İnsanların bir gelecek hayali varken millete hayal kurmayı bile unutturduklarını ileri süren Kılıçdaroğlu, son 2 yılda işinden olan kişi sayısının 3 milyon 202 bin olduğunu kaydetti.

Kılıçdaroğlu, 2,5 milyon yeni istihdam oluşturulacağının söylendiğini ancak yeni istihdam yerine insanların işinden olduğunu dile getirerek, "Sarayda çaresizlik yok ama vatandaşta var.

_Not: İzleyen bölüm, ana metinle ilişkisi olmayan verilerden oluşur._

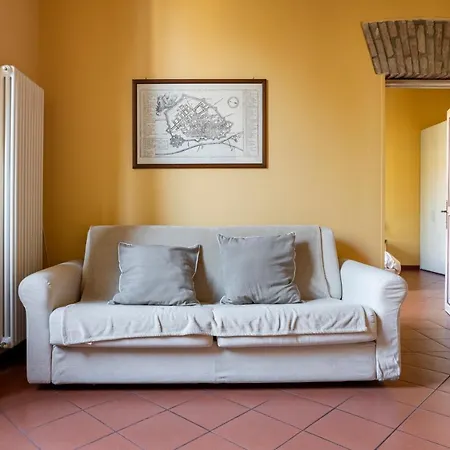 Apartment Casa Duchesse Al Castello Ferrara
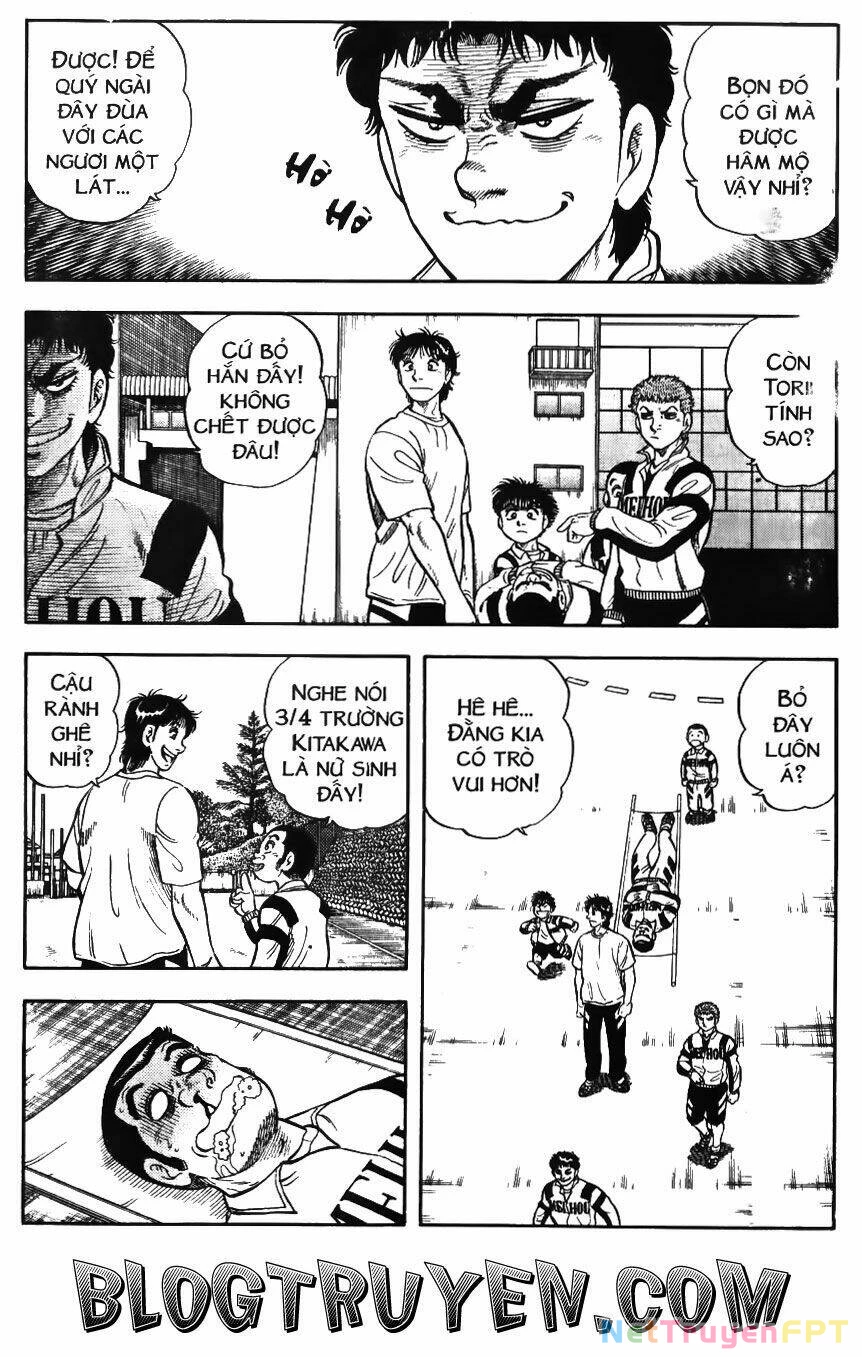 Buttobi Itto Chapter 23 - Next Chapter 24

Geçinemiyor vatandaş." dedi.

AYASOFYA'NIN İBADETE AÇILMASI

Ayasofya'nın ibadete açılması konusunun ilk kez 2005'te gündeme geldiğini ve Danıştay'ın başvuruyu reddettiğini, 2008'de açılan davada da talebin reddedildiğini anlatan Kılıçdaroğlu, 2018'de Anayasa Mahkemesine götürülen konunun, "kişi bakımından yetkisizlik kararı" verilerek iade edildiğini söyledi.

Kılıçdaroğlu, 2016'da Danıştay 10. Dairesinde açılan davaya müdahil olan Cumhurbaşkanlığı avukatlarının, davanın daha önce de görüşüldüğü ve reddedildiği, Ayasofya'nın kullanım şeklinin değiştirilmesinin Anayasaya göre yönetimin takdirinde olduğu gerekçesiyle reddedilmesini talep ettiğini öne sürerek, Cumhurbaşkanı Erdoğan'ın, kararın ardından "kahraman gibi" ortaya çıkarak, "Ayasofya'nın yeniden camiye döndürülmesi, kararlılığımızın sonucudur." dediğini ifade etti.

Cumhurbaşkanı Erdoğan'ın samimi olmadığını iddia eden Kılıçdaroğlu, "Erdoğan'ın tek düşündüğü koltuğudur. O koltuk için feda edemeyeceği hiçbir şey yoktur." diye konuştu.

"KENDİ TARİHİNİ BİLMEZ"

Mustafa Kemal Atatürk'e ve o dönemin yöneticilerine hakaretler edildiğini savunan Kılıçdaroğlu, şöyle konuştu:

"Erdoğan kendi tarihini bilmez, Kurtuluş Savaşı'nı bilmez, İstanbul'un nasıl işgal edildiğini de bilmez. Erdoğan, İstanbul işgal edilirken padişahın gidip, diz çöküp devleti teslim ettiğini de bilmez. Erdoğan Düyun-u Umumiye'yi de bilmez.

Ama orada bir insan var. Haydarpaşa'da iner, küçük bir tekneye biner, sarayın karşısındaki düşman gemilerini görür ve şunu söyler; 'geldikleri gibi gidecekler'. Erdoğan Kahramanmaraş'ı, Sütçü İmam'ı bilmez. Erdoğan Gaziantep'i, neden gazilik ünvanı aldığını bilmez. Erdoğan, Afyon'u bilmez, Duplumpınar'ı, Sakarya'yı bilmez. Erdoğan'ın tek bildiği yeşil dolarlardır."

Cumhurbaşkanı Erdoğan'ın Ayasofya'nın müzeye dönüştürülmesini eleştirdiğini ve "Bu vakfiyeyi kim değiştirirse Allah'ın, peygamberin, meleklerin, bütün yöneticilerin ve dahi tüm Müslümanların ebediyen laneti onun ve onların üzerine olsun" ifadelerini kullandığını belirten Kılıçdaroğlu, Osmanlı döneminde kurulan vakıflara mazbut vakıf denildiğini ve bunların hala faaliyette olduğunu kaydetti. 

Kılıçdaroğlu, "Bu vakfiyeyi kim değiştirirse, bir vakfiye değil bütün mazbut vakıfları aynı çerçeveye koyuyoruz, Allah'ın peygamberi, melekleri, bütün yöneticileri ve dahi bütün Müslümanların ebediyyen laneti onun ve onların üzerine olsun. Bence hiçbir sakıncası yok, olsun." dedi.